By default, the HDFS block size is 128MB for Hadoop 2.X. Sometimes, we may want to change this default block size for optimization purposes. When this configuration is successfully updated, all the new files will be saved into blocks of this size. Ensure that these changes do not affect the files that are already present in HDFS; their block size will be defined at the time being copied.

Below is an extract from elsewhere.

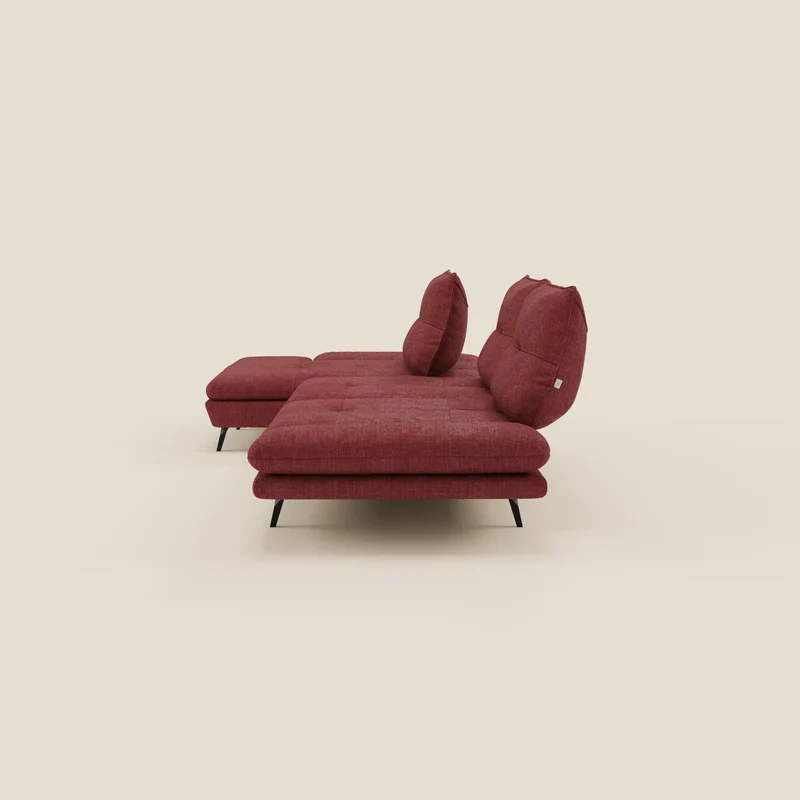 Ardex Canapé avec méridienne - dossiers coulissants et accoudoirs réglables en élégant tissu imperméable T06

Setting the HDFS block size for a specific file in a cluster

In this recipe, we are going to take a look at how to set the block size for a specific file only.

Getting ready

To perform this recipe, you should already have a running Hadoop cluster.

How to do it...

In the previous recipe, we learned how to change the block size at the cluster level. But this is not always required. HDFS provides us with the facility to set the block size for a single file as well. The following command copies a file called myfile to HDFS, setting the block size to 1MB:

hadoop fs -Ddfs.block.size=1048576  -put /home/ubuntu/myfile /

Once the file is copied, you can verify whether the block size is set to 1MB and has been broken into exact chunks:

hdfs fsck -blocks /myfile
    Connecting to namenode via 
    http://localhost:50070/fsck?ugi=ubuntu&blocks=1&path=%2Fmyfile
    FSCK started by ubuntu (auth:SIMPLE) from /127.0.0.1 for path 
    /myfile at Thu Oct 29 14:58:00 UTC 2015
    .Status: HEALTHY
    Total size:    17276808 B
    Total dirs:    0
    Total files:   1
    Total symlinks:                0
    Total blocks (validated):      17 (avg. block size 1016282 B)
    Minimally replicated blocks:   17 (100.0 %)
    Over-replicated blocks:        0 (0.0 %)
    Under-replicated blocks:       0 (0.0 %)
    Mis-replicated blocks:         0 (0.0 %)
    Default replication factor:    1
    Average block replication:     1.0
    Corrupt blocks:                0
    Missing replicas:              0 (0.0 %)
    Number of data-nodes:          3
    Number of racks:               1
    FSCK ended at Thu Oct 29 14:58:00 UTC 2015 in 2 milliseconds

    The filesystem under path '/myfile' is HEALTHY

How it works...

When we specify the block size at the time of copying a file, it overwrites the default block size and copies the file to HDFS by breaking the file into chunks of a given size. Generally, these modifications are made in order to perform other optimizations. Make sure you make these changes, and you are aware of their consequences. If the block size isn't adequate enough, it will increase the parallelization, but it will also increase the load on NameNode as it would have more entries in FSImage. On the other hand, if the block size is too big, then it will reduce the parallelization and degrade the processing performance.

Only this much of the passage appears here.